I had thought I would never come back. Then, Jay’s mail came. Arul and he wanted to sell the house. Jay sent the letter to my office. He must have read my bylines in the paper. I read the mail a few times over. Though it was brief and terse, I would like to think it took him a long time to write it, struggling to find the words to fill up a void of 15 years; failing; then giving up.

It’s a beautiful house – a two-storey bungalow from where you can watch the sea. We had all run away as soon as we could. Jay took off for the Navy after he finished his 12th. Arul stayed till he was 22, but he was never around much anyway. I was the last to go and with me the last ties that held ma and appa together.

It had never been an easy relationship between ma and appa. I was five when I walked into an argument they were having; the first I remember. They were screaming at each other. I didn’t know what they were saying. I curled up against the leg of the dining table and looked on in terrified bewilderment.

The walls are dusty now. They’ve soaked up the essence of the lives we lived here for 20 years and have aged like wine.
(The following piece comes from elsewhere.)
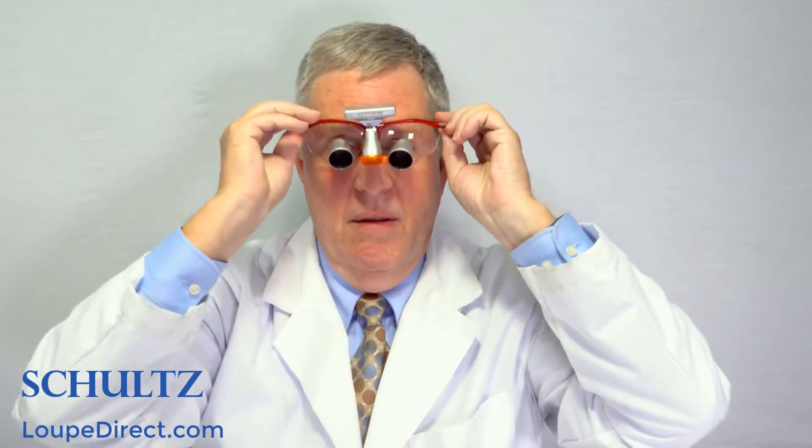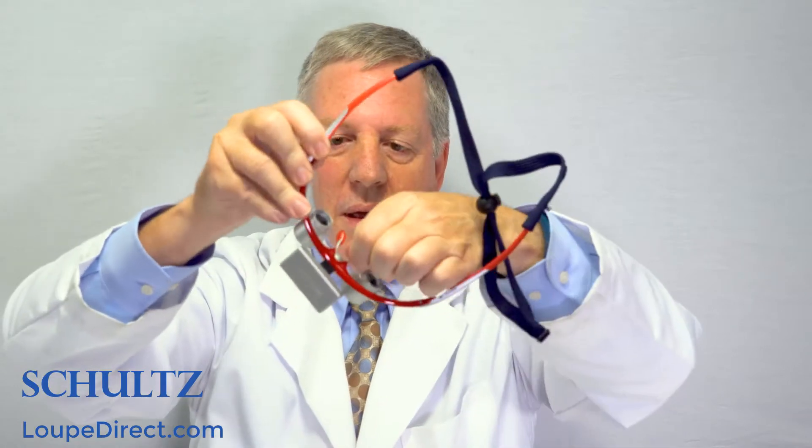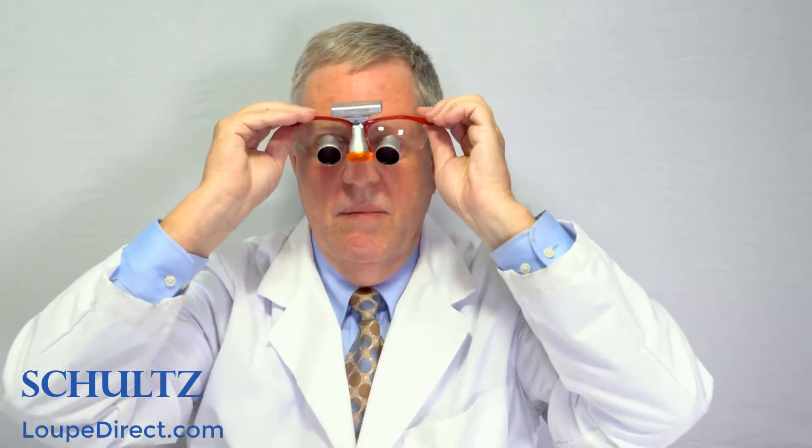Now try on the frames. You can adjust the nose pad to get the fit you need. Notice the quality of the frames and the feel on your face.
I can still make out the coffee stains on the wall. Accusations of lives ruined and dreams trampled upon flew frequently along with plates and coffee cups. Now a new coat of paint would wipe away all the memories.
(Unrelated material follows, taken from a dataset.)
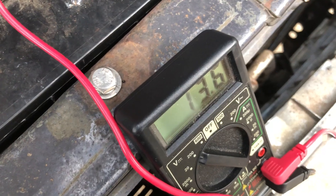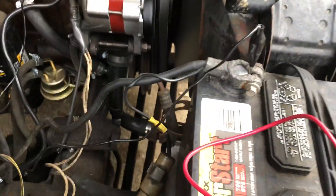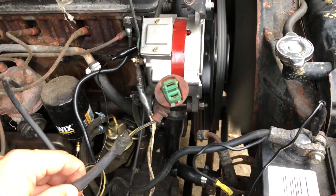As you can see, I'm getting 13.6 volts, which is just about right. So now I need to figure out why this connection is not getting 12 volts to that bottom portion.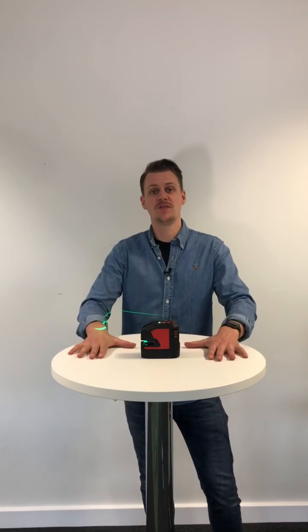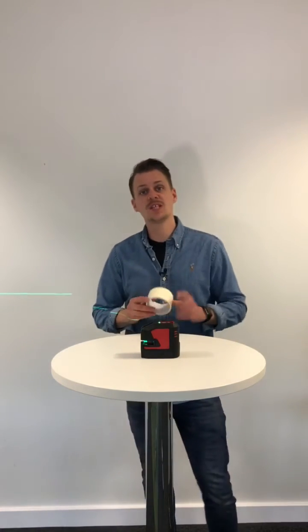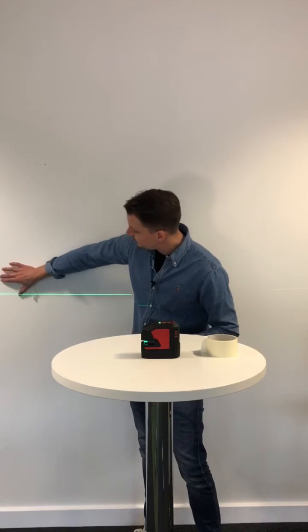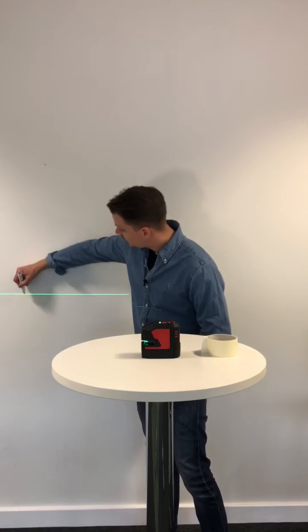First of all, get a flat surface — for example a table — and a little bit of gaffer tape. The reason for the gaffer tape is to protect your wall. Rip a bit of tape off, stick it on the wall like that, and then simply draw a line across your beam.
All the furniture is still there, smoky with dust. Neither of us had come back to take away anything after appa died two years after ma, leaving their legacy of anger etched deep within the three of us. Our dreams of escape were solitary ventures; bound together in an understanding that none of us dared to voice.
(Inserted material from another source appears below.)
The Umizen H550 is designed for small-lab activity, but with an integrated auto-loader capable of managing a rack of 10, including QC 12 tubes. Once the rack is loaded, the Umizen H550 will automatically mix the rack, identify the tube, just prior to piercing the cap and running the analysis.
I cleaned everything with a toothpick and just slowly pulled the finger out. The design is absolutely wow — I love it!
The door of the balcony that opens out to the sea is crumbling. The sea is my solace. Leaning against the railing, I can feel the salt on my tongue. The sea looks calmer now.

Arul, Jay, and I would fight to sit there in the evening to watch the sunset. Whenever Jay lost to Arul, he threw a tantrum trying to pull out Arul out of chair. Arul merely gave him a bemused look and continued to watch the sun. When I got the chair, Jay would simply pick me up and drop me to the floor.

Appa never sat in the balcony. He had his own old-fashioned easy chair that looked like a hammock supported by wooden frames. He had bought it when he first came to Bombay, 35 years ago. The nylon sheet has faded into an even brown now. He’d sit there with his eyes closed listening to music (Sade, The Carpenters, Dire Straits, The Beatles). I’d sit besides him watching the sun’s rays slowly slip away from the floor into the water.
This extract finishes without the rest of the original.